> **Work instruction**: Below, locate the line that contains "Guest House na Lizy Chaikinoy 9/1". Repeat exactly from that line to the line that contains "462 Fenwick Dr — Photo 15", inclusive, leaving out the pictures.

> **Material for the task**:
.....
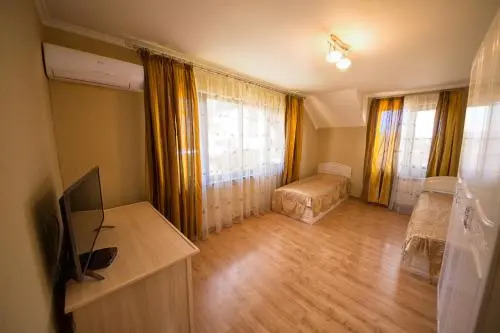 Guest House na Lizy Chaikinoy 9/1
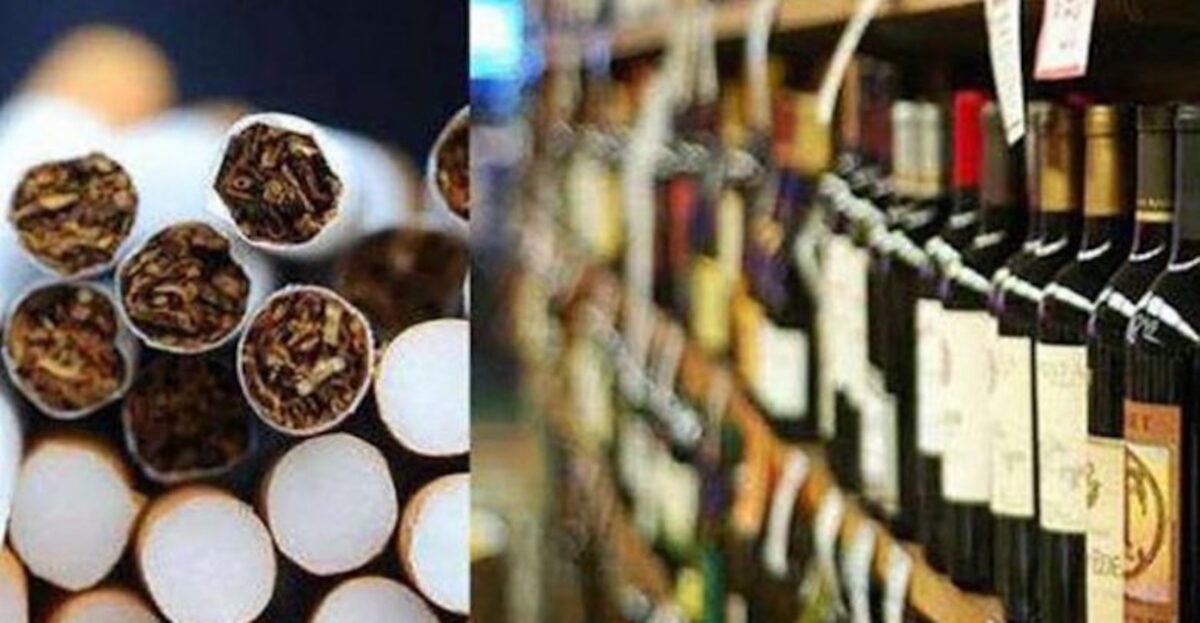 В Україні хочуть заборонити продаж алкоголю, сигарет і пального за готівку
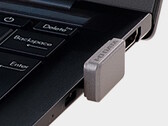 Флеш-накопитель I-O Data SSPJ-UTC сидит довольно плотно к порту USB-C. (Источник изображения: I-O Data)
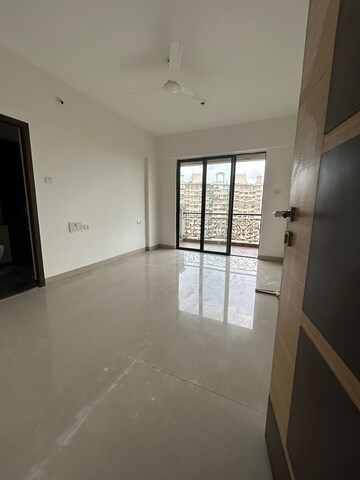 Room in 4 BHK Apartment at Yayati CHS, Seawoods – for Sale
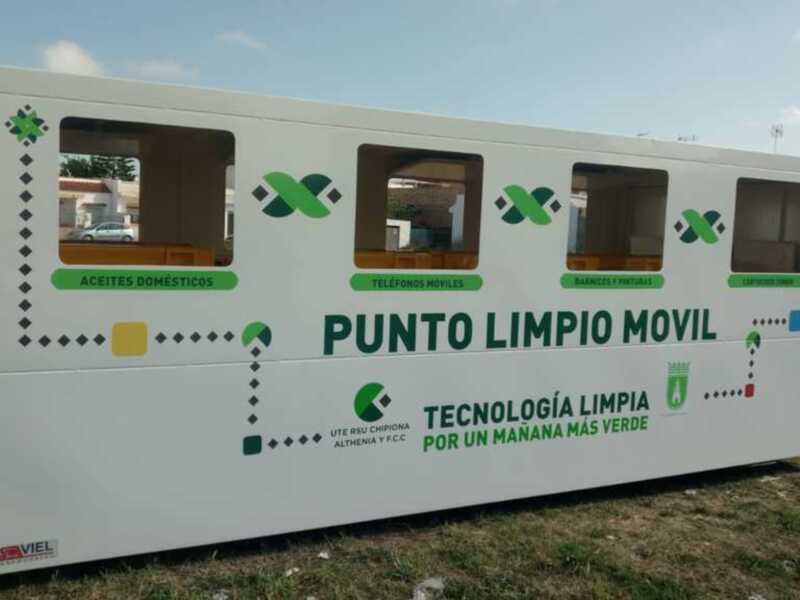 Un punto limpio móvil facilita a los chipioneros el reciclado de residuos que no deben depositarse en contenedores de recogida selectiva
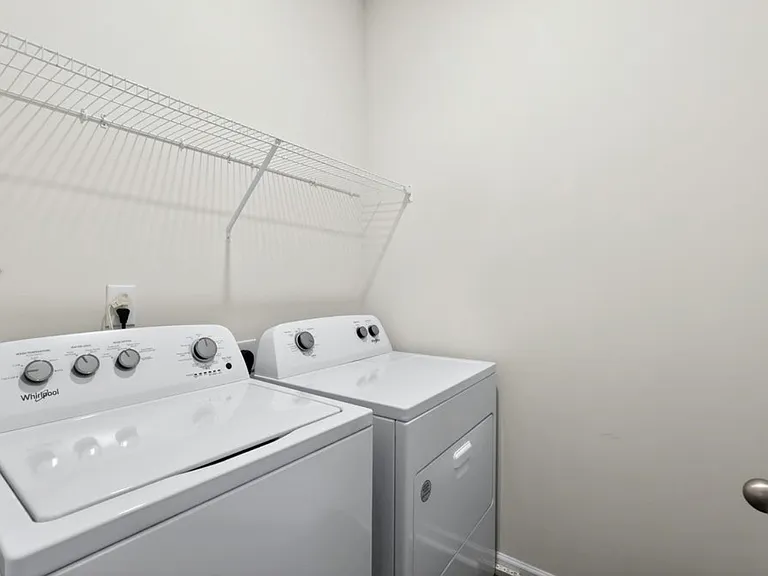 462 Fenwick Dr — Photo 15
.....
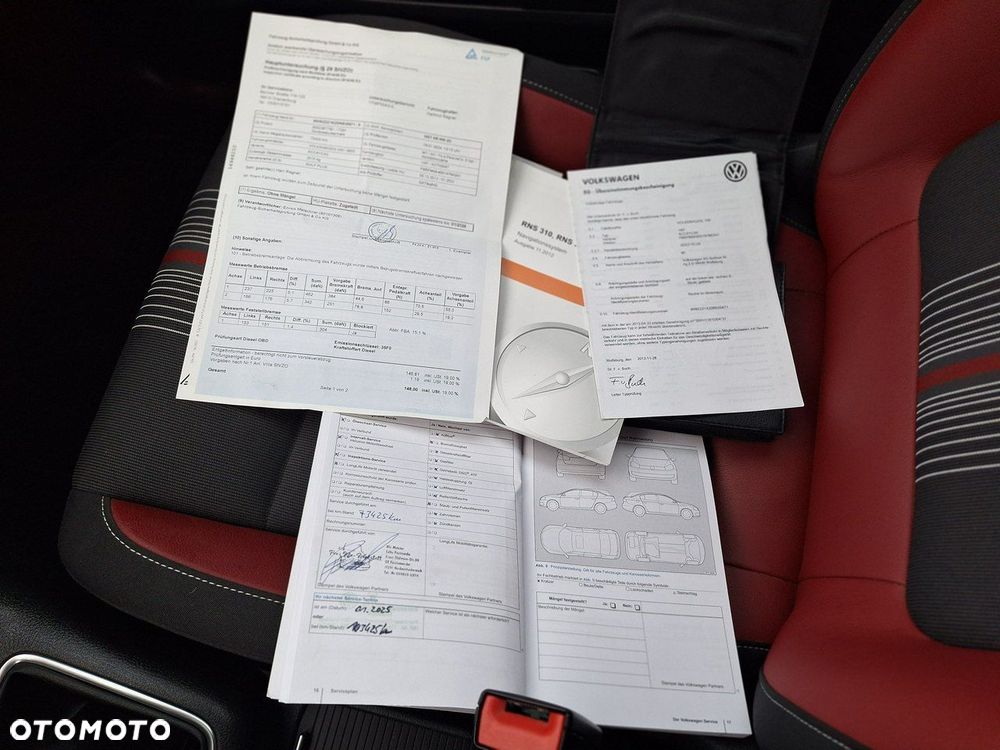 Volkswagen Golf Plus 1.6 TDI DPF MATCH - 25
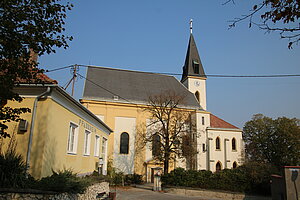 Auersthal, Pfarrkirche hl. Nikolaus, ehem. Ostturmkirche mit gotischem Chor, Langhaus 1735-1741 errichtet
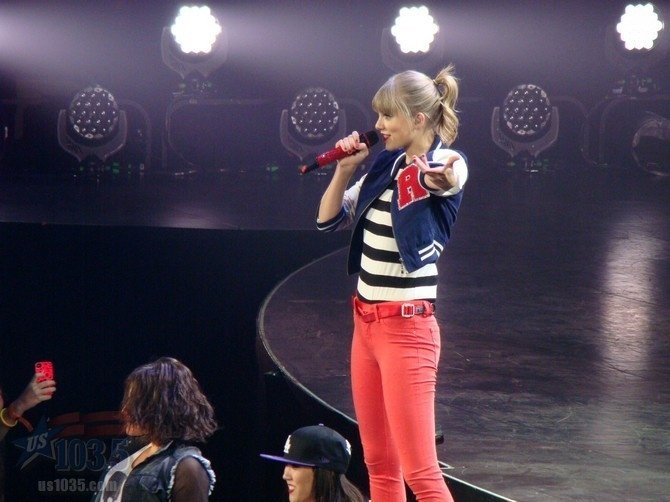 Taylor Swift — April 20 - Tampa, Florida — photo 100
.....
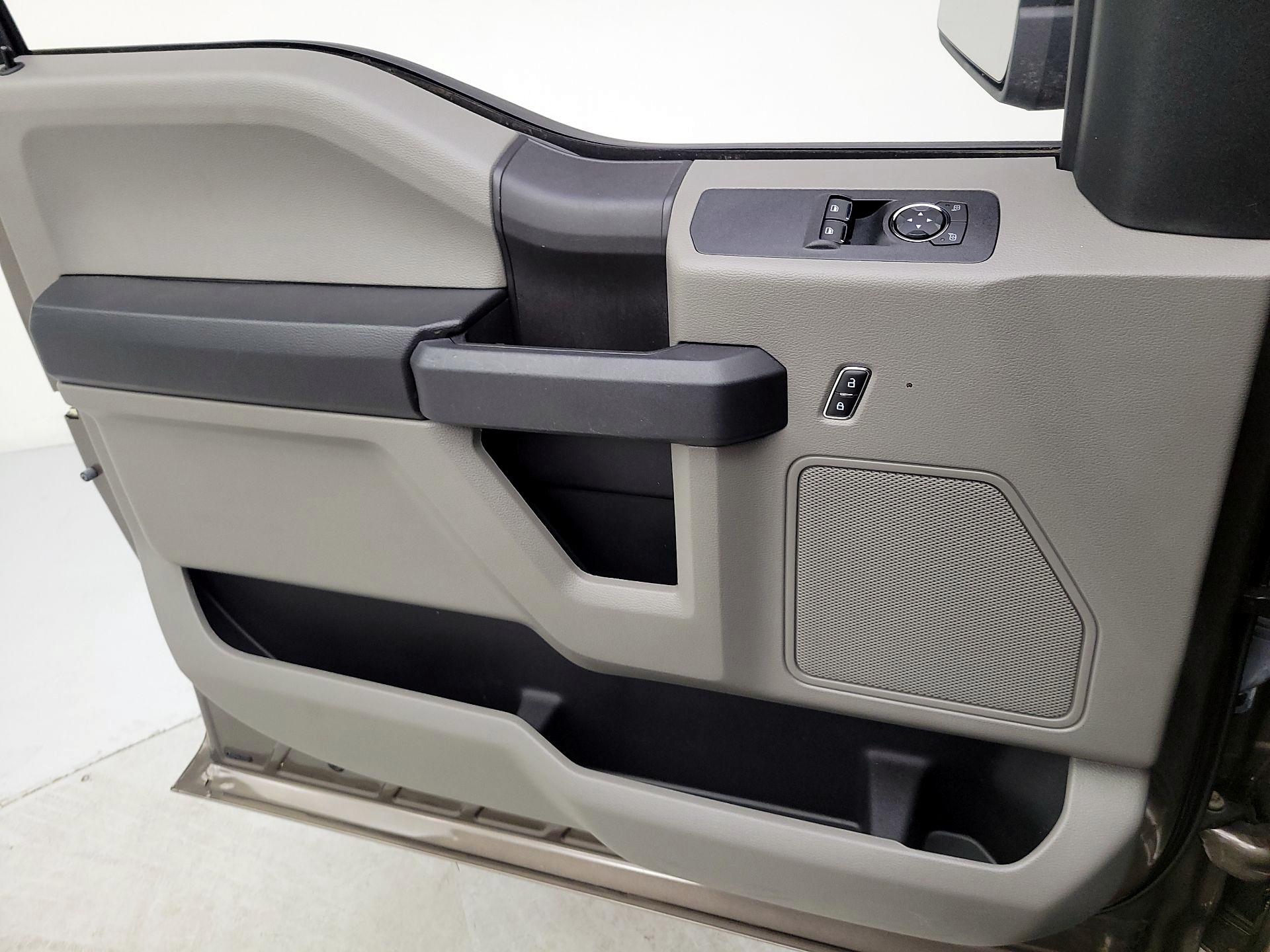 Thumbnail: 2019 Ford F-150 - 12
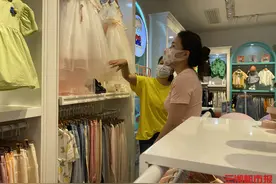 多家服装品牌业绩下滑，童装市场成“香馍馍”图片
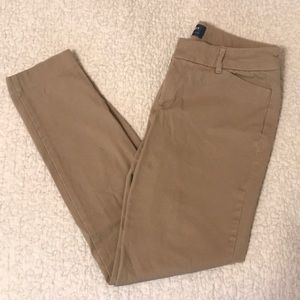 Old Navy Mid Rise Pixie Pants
.....
> **Result for this task**:
 Guest House na Lizy Chaikinoy 9/1
 В Україні хочуть заборонити продаж алкоголю, сигарет і пального за готівку
 Флеш-накопитель I-O Data SSPJ-UTC сидит довольно плотно к порту USB-C. (Источник изображения: I-O Data)
 Room in 4 BHK Apartment at Yayati CHS, Seawoods – for Sale
 Un punto limpio móvil facilita a los chipioneros el reciclado de residuos que no deben depositarse en contenedores de recogida selectiva
 462 Fenwick Dr — Photo 15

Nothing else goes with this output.